Lo extraño fue que Diego soltó una carcajada ronca en medio del terrible sufrimiento que debía estar sintiendo y volteó para contemplarme con la mandíbula apretada, ocasionando que unos mechones de su cabello rubio se fugaran para terminar sobre su frente.

—¿Así es cómo será? —interrogó con la respiración entrecortada—. ¿Esta es su terrible venganza, asesina mía?

Sentí una ola de deleite con la palabra "asesina". En ese instante fue un cumplido más que delicioso.
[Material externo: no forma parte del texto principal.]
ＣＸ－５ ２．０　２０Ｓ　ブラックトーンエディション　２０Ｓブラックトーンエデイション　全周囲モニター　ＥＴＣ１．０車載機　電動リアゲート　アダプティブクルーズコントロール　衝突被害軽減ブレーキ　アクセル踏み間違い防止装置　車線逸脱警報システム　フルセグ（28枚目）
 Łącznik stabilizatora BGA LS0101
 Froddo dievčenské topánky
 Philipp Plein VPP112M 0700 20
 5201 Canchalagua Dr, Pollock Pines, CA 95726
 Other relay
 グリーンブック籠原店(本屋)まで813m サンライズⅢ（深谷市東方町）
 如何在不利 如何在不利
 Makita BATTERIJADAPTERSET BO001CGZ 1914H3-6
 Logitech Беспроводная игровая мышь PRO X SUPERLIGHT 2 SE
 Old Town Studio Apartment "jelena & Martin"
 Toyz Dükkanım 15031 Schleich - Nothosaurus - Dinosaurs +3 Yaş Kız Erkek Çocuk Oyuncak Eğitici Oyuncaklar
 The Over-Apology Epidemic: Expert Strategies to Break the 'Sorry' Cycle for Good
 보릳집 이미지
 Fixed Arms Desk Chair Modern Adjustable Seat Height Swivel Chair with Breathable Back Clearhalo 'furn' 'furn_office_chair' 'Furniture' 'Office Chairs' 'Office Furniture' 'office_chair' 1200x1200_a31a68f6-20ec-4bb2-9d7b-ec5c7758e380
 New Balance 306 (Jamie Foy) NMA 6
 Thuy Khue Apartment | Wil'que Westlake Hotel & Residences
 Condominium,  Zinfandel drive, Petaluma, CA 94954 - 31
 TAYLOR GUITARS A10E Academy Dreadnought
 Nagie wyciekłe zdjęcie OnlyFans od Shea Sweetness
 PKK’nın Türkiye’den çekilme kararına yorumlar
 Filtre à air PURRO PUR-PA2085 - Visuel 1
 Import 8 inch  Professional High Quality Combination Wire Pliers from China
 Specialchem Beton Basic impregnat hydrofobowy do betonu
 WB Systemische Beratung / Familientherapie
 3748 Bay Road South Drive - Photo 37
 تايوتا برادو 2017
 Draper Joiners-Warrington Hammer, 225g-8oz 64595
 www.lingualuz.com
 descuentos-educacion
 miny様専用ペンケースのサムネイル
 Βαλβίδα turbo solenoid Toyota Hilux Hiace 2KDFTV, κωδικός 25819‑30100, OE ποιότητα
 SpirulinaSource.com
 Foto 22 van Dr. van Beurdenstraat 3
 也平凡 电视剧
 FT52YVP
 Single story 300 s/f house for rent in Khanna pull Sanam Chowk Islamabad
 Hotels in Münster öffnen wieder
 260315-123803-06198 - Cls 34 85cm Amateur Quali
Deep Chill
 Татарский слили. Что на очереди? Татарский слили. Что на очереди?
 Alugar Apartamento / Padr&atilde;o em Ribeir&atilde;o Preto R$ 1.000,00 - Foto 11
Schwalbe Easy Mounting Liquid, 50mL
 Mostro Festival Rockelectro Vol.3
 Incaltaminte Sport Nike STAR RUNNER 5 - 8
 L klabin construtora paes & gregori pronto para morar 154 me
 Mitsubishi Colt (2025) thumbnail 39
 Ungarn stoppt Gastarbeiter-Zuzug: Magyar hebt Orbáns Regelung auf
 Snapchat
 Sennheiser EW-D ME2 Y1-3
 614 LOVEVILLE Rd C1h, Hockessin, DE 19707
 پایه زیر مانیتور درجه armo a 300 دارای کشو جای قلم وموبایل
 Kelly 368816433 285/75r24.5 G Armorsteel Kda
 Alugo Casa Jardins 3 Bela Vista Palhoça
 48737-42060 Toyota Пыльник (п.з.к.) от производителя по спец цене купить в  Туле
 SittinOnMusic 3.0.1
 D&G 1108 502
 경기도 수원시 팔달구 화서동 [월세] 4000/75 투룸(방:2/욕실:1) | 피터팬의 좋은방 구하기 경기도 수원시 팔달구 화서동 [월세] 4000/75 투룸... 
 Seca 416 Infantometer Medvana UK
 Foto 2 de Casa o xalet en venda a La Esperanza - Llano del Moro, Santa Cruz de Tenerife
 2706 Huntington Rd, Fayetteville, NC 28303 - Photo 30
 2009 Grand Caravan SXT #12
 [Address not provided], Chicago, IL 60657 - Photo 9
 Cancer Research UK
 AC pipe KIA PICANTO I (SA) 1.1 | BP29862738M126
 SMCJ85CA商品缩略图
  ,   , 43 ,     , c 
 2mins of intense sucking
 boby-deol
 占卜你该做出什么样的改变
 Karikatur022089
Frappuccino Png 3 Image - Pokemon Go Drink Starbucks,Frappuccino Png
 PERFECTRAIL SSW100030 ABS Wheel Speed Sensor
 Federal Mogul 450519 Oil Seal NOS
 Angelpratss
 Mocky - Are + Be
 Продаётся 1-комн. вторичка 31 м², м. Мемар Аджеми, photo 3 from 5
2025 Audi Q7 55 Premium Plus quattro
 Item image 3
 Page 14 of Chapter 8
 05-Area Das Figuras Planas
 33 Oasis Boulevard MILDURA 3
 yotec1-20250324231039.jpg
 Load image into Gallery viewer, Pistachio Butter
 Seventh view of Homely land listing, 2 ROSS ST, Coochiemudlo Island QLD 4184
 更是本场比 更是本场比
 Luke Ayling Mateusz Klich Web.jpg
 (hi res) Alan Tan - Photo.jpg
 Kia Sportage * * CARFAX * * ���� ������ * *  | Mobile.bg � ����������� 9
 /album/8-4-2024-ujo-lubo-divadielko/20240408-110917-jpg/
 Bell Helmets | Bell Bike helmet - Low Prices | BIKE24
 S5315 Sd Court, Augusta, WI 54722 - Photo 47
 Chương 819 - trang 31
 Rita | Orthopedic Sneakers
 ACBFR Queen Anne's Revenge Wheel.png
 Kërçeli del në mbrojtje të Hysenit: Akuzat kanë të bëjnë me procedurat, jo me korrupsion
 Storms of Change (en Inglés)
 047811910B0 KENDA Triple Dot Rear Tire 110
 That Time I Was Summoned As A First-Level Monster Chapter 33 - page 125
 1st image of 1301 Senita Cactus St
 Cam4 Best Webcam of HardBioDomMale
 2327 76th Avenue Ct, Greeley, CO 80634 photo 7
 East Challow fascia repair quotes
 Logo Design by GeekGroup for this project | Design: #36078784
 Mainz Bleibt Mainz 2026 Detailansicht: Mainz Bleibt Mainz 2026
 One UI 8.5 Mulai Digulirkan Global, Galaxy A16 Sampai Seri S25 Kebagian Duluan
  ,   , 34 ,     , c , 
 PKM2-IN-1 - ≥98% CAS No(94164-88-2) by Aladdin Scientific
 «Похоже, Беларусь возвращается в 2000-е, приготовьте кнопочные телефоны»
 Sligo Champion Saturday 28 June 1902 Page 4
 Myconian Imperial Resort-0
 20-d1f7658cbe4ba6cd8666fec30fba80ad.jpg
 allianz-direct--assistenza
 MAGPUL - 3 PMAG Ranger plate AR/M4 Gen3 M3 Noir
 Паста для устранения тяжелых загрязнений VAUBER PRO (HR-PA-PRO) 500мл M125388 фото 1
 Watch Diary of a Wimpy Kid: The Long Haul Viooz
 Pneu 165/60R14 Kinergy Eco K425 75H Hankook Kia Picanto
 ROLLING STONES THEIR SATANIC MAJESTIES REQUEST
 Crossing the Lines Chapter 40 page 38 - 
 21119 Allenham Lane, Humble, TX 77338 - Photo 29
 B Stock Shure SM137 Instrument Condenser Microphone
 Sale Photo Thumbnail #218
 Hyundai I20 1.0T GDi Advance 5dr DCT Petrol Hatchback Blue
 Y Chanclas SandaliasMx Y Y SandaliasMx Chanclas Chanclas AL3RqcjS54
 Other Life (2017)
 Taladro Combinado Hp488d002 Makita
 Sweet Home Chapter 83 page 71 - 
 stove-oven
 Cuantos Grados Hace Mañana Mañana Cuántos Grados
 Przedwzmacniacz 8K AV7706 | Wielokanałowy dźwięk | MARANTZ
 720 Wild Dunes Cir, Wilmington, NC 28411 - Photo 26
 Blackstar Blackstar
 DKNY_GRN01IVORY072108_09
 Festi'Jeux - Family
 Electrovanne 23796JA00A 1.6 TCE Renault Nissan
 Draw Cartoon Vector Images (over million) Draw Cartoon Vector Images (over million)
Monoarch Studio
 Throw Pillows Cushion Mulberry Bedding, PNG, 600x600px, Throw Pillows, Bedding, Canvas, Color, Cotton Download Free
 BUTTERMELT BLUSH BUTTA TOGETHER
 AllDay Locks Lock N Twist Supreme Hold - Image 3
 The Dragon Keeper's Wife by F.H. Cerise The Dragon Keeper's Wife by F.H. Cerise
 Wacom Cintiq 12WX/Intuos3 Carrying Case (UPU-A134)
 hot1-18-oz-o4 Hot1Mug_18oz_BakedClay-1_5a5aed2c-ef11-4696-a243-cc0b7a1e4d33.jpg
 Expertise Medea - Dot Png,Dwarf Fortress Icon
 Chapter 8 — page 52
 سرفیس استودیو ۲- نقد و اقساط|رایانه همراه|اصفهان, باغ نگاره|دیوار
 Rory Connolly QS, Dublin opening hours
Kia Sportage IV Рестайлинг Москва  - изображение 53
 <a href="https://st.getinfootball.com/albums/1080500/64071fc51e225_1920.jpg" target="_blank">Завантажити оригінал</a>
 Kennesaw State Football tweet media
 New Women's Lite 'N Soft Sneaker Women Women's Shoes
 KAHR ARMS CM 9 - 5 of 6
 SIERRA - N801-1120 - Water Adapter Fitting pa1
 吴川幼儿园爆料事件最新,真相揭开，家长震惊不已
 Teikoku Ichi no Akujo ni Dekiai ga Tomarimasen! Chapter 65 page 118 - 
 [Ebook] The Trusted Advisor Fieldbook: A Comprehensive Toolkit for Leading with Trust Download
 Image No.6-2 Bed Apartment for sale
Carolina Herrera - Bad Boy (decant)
—Y usted pensó que serían solo amenazas —me burlé, puse mi mano en su pecho y lo fui empujando hasta que él fue caminando de espaldas y terminó sentado en su silla.

Por mi parte, me senté con las piernas cruzadas sobre su escritorio y abandoné mi copa en la bandeja sin parar de estudiar a mi enemigo con la mirada.

Ni se molestó en ocultar sus emociones. Era como si estuviéramos en una partida de póker, él hubiera bajado sus defensas, y una baraja de cartas se dieran vuelta para que finalmente pudiera verlas.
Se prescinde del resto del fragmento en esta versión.